Transportation security officials concluded Lacson disclosed "sensitive security information" in four comments on the web site Officer.com. An air marshal since 2002, Lacson was fired in 2011 for making unauthorized disclosures. Investigators determined the comments were detrimental to transportation security.
Does it matter, as Lacson claims, that he fabricated the content of the Internet posts? That's the question the U.S. Court of Appeals for the D.C. Circuit will confront at a hearing Thursday. Lacson contends the Transportation Security Administration can't label something "sensitive" if the information is false. DOJ lawyers argue the accuracy of the statements is beside the point.
The substance of the Internet posts is blacked out in court documents in the D.C. Circuit, but the comments, according to the government, are personnel-related. U.S. Justice Department lawyers said Lacson's posts "specifically referenced the number, deployment and attrition rate of Federal Air Marshals hired at various times and deployed at various duty stations."
Ultimately, the appeals court ruling could affect the success of any challenge to TSA's decision to fire Lacson. The Merit Systems Protection Board, where federal employees air personnel complaints, earlier dismissed Lacson's case pending the resolution of the dispute in the D.C. Circuit.
DOJ lawyers said Lacson in 2010 posted under the screen name "INTHEAIRCOP" on the officer-themed web site. Lacson identified himself as a federal agent in his profile, and he used a photo of his air marshal's badge as his avatar, according to the government's court papers.
Lacson's attorney, Lawrence Berger of Glen Cove, N.Y.'s Mahon & Berger, argues in the appeals court that the truth or falsity of the Internet posts will determine whether TSA correctly labeled the remarks as "sensitive security information."
There's no evidence in the record about the accuracy of the posts. Berger wants the D.C. Circuit panel to set aside the TSA's order, from September 2011, finding that the details comprised sensitive security information.
The TSA, Berger said in court papers, built its case on a hearsay statement from a special agent. And that statement, Berger argues, only applies to two of Lacson's posts on the officer-themed web site.
Sensitive security information, according to DOJ, is "information obtained or developed in the conduct of security activities, including research and development." The covered categories include "specific details of aviation security measures" and information about the deployment and number of federal air marshals.

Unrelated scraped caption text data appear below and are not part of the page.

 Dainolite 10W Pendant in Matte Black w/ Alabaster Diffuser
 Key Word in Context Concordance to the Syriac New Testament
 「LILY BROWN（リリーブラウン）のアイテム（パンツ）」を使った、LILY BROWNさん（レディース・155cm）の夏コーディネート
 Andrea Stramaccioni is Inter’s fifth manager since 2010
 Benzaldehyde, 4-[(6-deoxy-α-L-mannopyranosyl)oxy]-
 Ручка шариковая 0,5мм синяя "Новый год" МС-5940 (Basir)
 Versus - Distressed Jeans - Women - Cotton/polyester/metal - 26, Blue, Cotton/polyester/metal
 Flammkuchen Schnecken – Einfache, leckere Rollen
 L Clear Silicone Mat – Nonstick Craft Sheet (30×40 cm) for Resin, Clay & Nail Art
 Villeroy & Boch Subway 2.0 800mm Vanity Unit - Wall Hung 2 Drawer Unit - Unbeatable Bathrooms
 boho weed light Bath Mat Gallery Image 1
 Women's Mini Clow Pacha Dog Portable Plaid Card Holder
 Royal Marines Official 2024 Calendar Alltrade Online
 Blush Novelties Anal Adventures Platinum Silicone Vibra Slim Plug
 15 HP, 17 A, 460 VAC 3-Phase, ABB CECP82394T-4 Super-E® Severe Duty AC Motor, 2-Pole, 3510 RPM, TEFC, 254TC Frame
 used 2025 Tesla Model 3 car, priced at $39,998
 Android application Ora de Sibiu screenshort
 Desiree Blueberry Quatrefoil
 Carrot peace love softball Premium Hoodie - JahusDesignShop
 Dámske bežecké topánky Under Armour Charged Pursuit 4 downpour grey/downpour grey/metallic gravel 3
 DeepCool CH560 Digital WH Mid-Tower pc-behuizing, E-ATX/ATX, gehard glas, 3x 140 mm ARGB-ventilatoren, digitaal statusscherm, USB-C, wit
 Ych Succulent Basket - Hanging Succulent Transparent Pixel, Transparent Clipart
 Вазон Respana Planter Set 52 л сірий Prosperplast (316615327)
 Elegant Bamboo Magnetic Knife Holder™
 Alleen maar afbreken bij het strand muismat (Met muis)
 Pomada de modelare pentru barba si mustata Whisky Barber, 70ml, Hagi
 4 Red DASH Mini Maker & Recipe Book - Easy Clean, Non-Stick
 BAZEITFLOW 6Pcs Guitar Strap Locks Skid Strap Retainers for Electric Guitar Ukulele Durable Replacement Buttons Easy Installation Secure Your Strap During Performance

"There is no direct evidence, let alone substantial evidence, of the veracity or the source of the statements, or that the information was 'applied' in any way by the agency to its operations," Berger wrote in a brief. "Lacson asserts that the postings were 'fictitious,' 'made up,' and not 'factual,' and he was just venting."
Berger wrote, "the record is devoid of even a scintilla of evidence that the Internet posts were accurate."
Edward Himmelfarb of the Justice Department's Civil Division said in court papers that a top TSA agent in Miami determined the accuracy of one of the posts—about the attrition rate of air marshals in the Miami office.
That rate is redacted in DOJ's court brief in the D.C. Circuit. Whole pages in the court file, in fact, are blacked out. The lawyers in the case submitted public versions of their court papers and they submitted unredacted copies to the judges on the appeals court.
The accuracy of Lacson's statements, DOJ lawyers argue, misses the point. TSA "may reasonably determine that certain statements, although not technically accurate, may nevertheless disclose security vulnerabilities because they reveal a concept or general state of affairs that should be protected in the interest of transportation," Himmelfarb wrote in a brief.
A federal agent shouldn't be allowed to get around the restrictions on the disclosure of sensitive security information "by adjusting the figures to introduce inaccuracies," DOJ lawyers said.
Lacson's proposed 'inaccuracy' exception, according to DOJ, "would provide a means of circumventing the SSI regulations that would seriously undermine their efficacy."
If TSA "guarded against the unauthorized disclosure of only absolute truths, its failure to prevent the disclosure of falsehoods could, in certain contexts, reveal SSI by implication," DOJ lawyers said.
D.C. Circuit judges Merrick Garland and Janice Rogers Brown, sitting with Senior Judge Stephen Williams, are set to hear the dispute Thursday morning.